EXERCISE BRIEF: Write out the entries below exactly, but only from the line containing "外交蓝皮书:中国特色大国外交在乱局中引领方向" through the line containing "Emos 250V elosztó 4 aljzatos 3m - Fehér", and without the pictures.

-- GIVEN RECORDS follows --

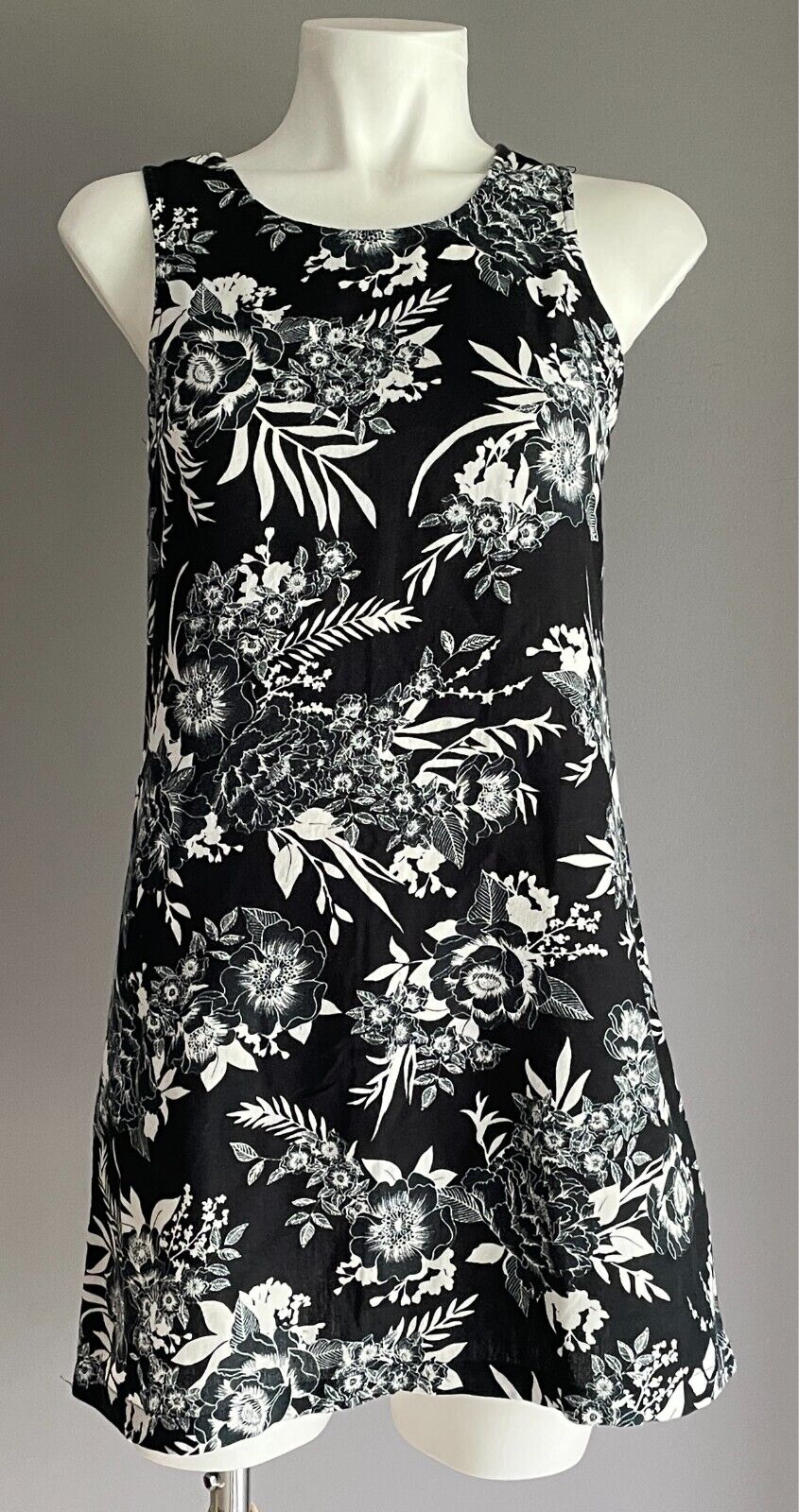 BILLABONG Black & White Floral Dress Size 6 Mini Length Sleeveless Cotton Flax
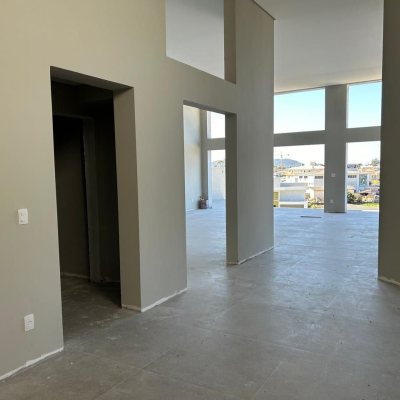 Casa em Condomínio com 551m², 4 quartos, 4 suítes, 2 garagens, no bairro Ingleses em Florianópolis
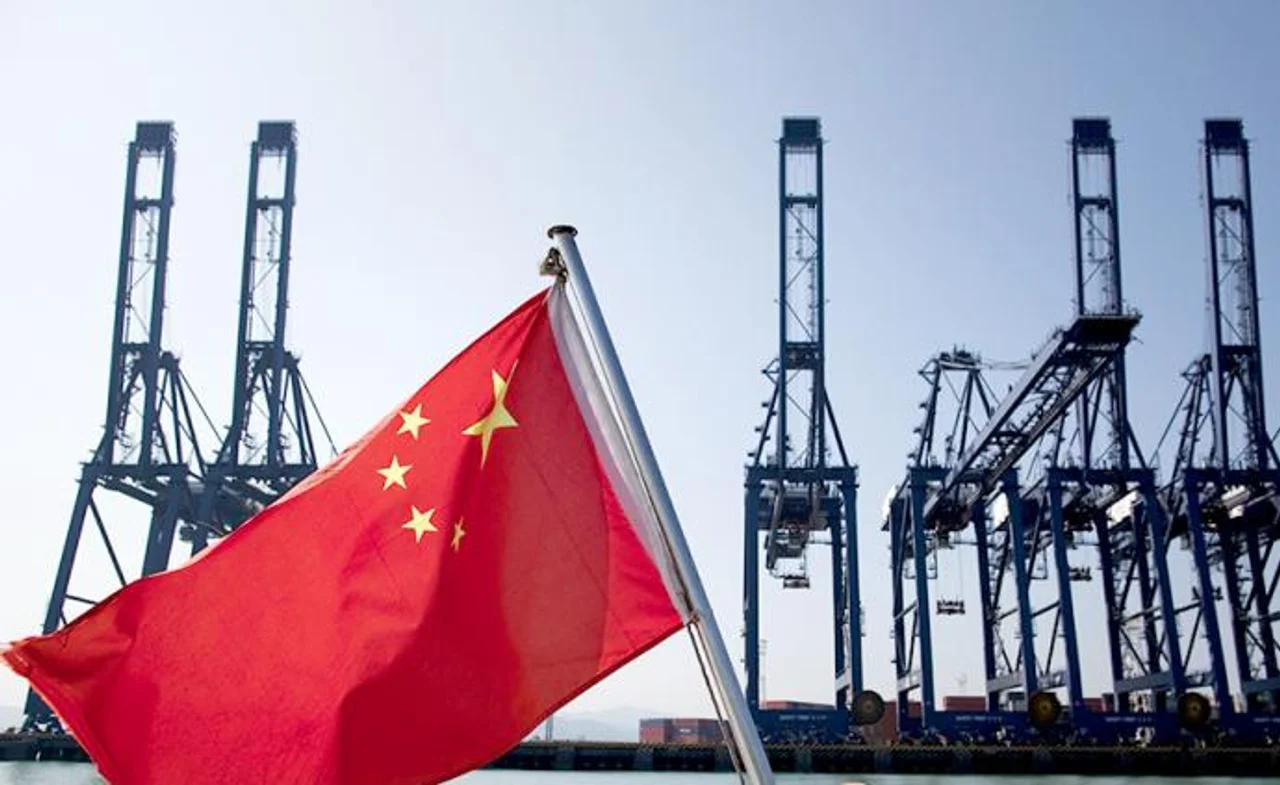 外交蓝皮书:中国特色大国外交在乱局中引领方向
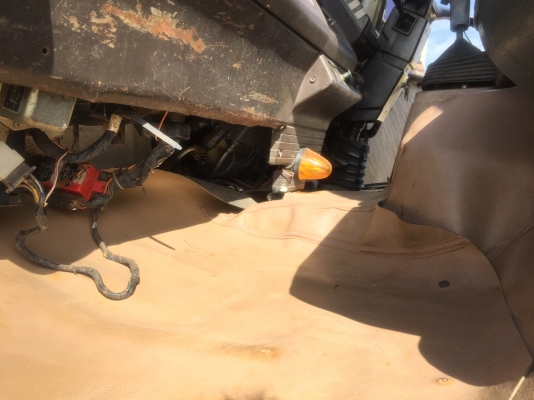 รถอีซูซุ 10 ล้อดั้ม FXZ  240 แรงม้า. ปี 34. , ( * หัว ขาว. )     สนใจติดต่อ  081 - 6079515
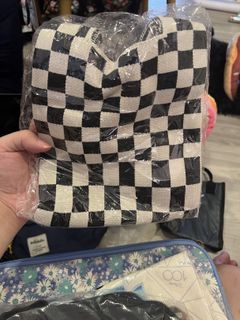 (Category: ) located in . Submitted by urlocalsteals (Listing ID 1417711115, Image 1). Description: .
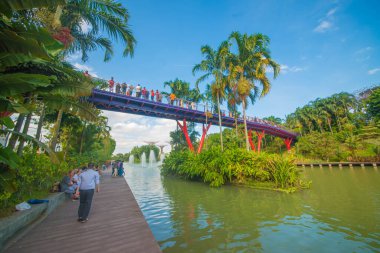 Singapur. Körfez kenarındaki bahçelerin manzarası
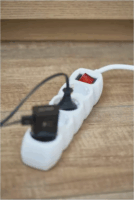 Emos 250V elosztó 4 aljzatos 3m - Fehér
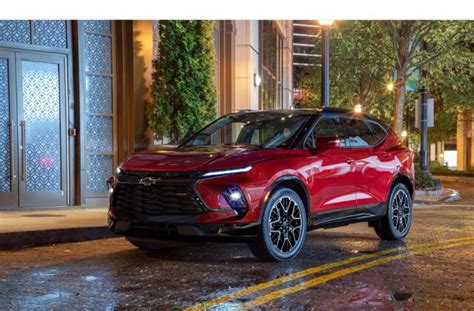 2024 Chevrolet Blazer FWD 4dr Premier Specs and Features | U.S. News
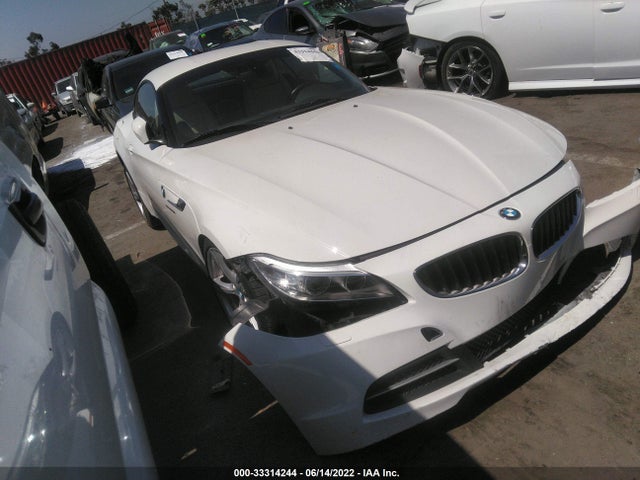 2016 BMW Z4, VIN: WBALL5C50G5A20352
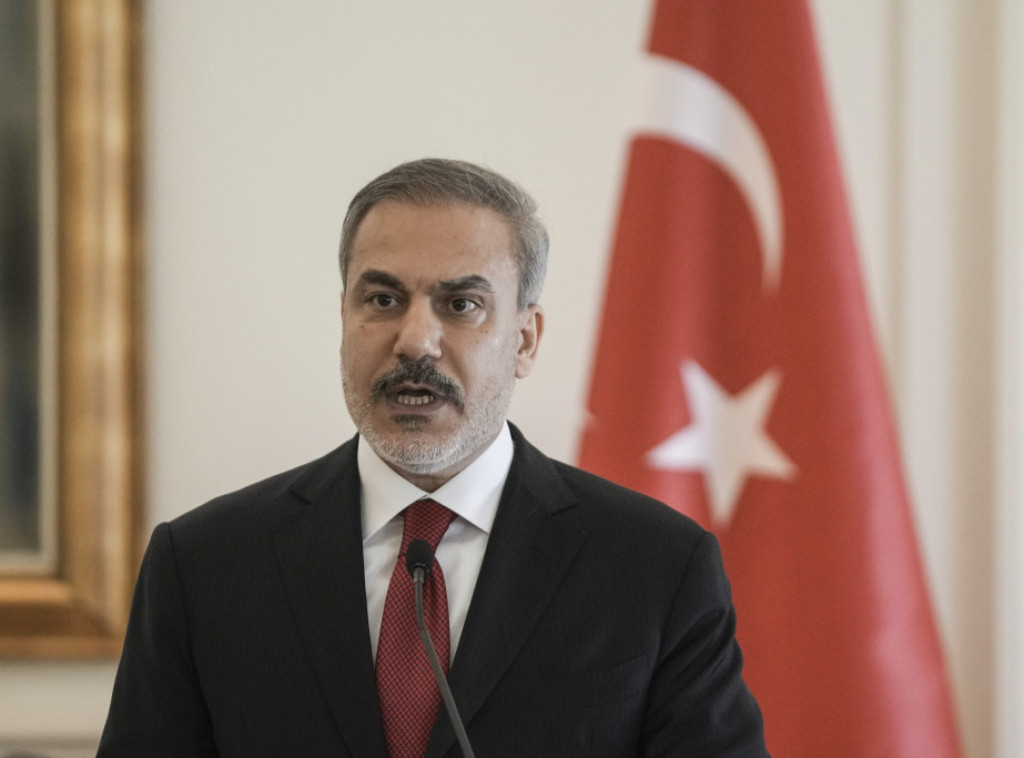 Fidan: U Antaliji sutra sastanak ministara SAD, Turske i Sirije o ukidanju sankcija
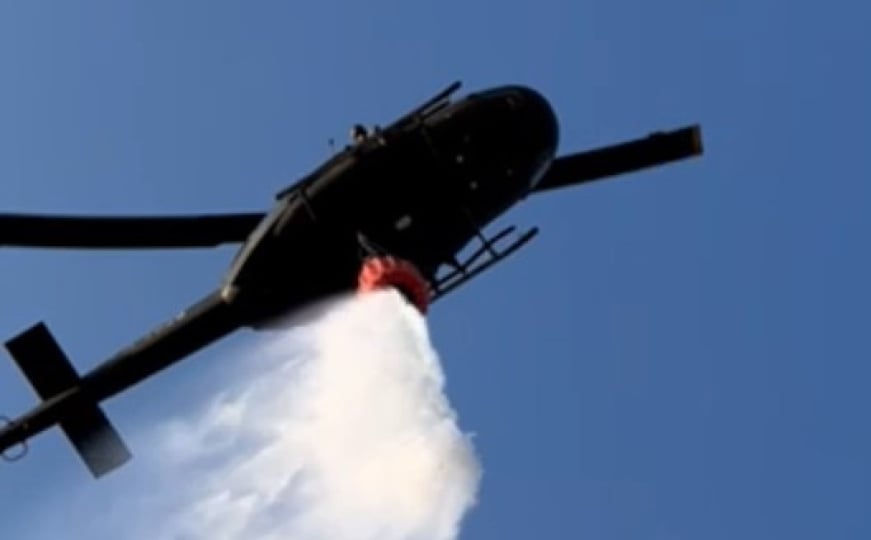 Požar pod kontrolom: Helikopter Oružanih snaga BiH gasio vatru na Fortici kod Mostara
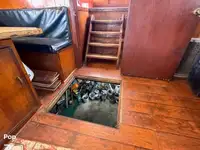 Ọkọ̀ tí ó mú ẹja fún tà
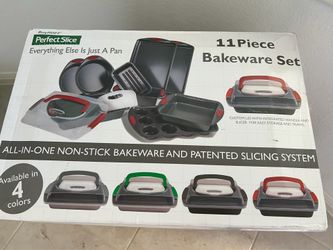 Brand New BergHOFF PerfectSlice 11 Piece Bakeware Set  for $60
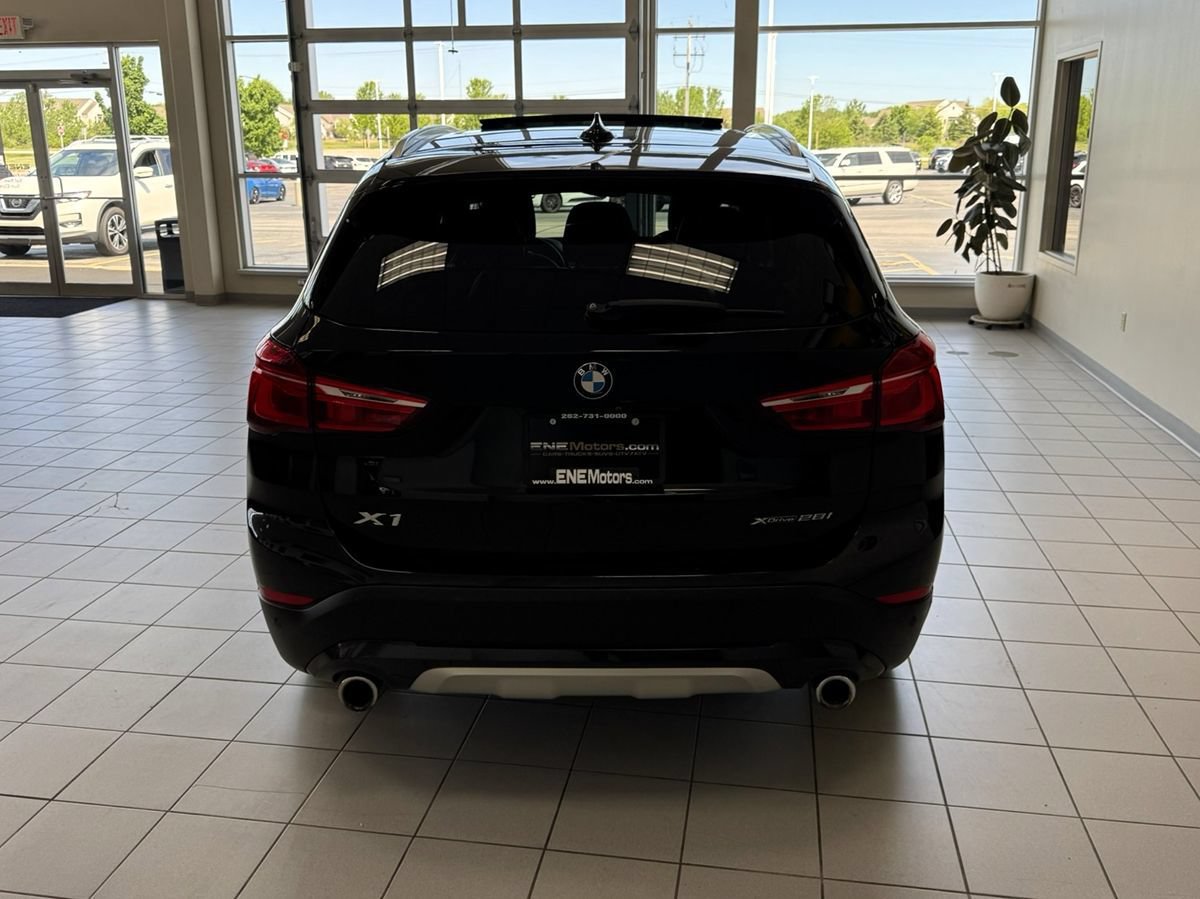Used 2020 BMW X1 xDrive28i AWD/4WD image 5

-- GIVEN RECORDS concluded --

PROBLEM SOLUTION:
 外交蓝皮书:中国特色大国外交在乱局中引领方向
 รถอีซูซุ 10 ล้อดั้ม FXZ  240 แรงม้า. ปี 34. , ( * หัว ขาว. )     สนใจติดต่อ  081 - 6079515
 (Category: ) located in . Submitted by urlocalsteals (Listing ID 1417711115, Image 1). Description: .
 Singapur. Körfez kenarındaki bahçelerin manzarası
 Emos 250V elosztó 4 aljzatos 3m - Fehér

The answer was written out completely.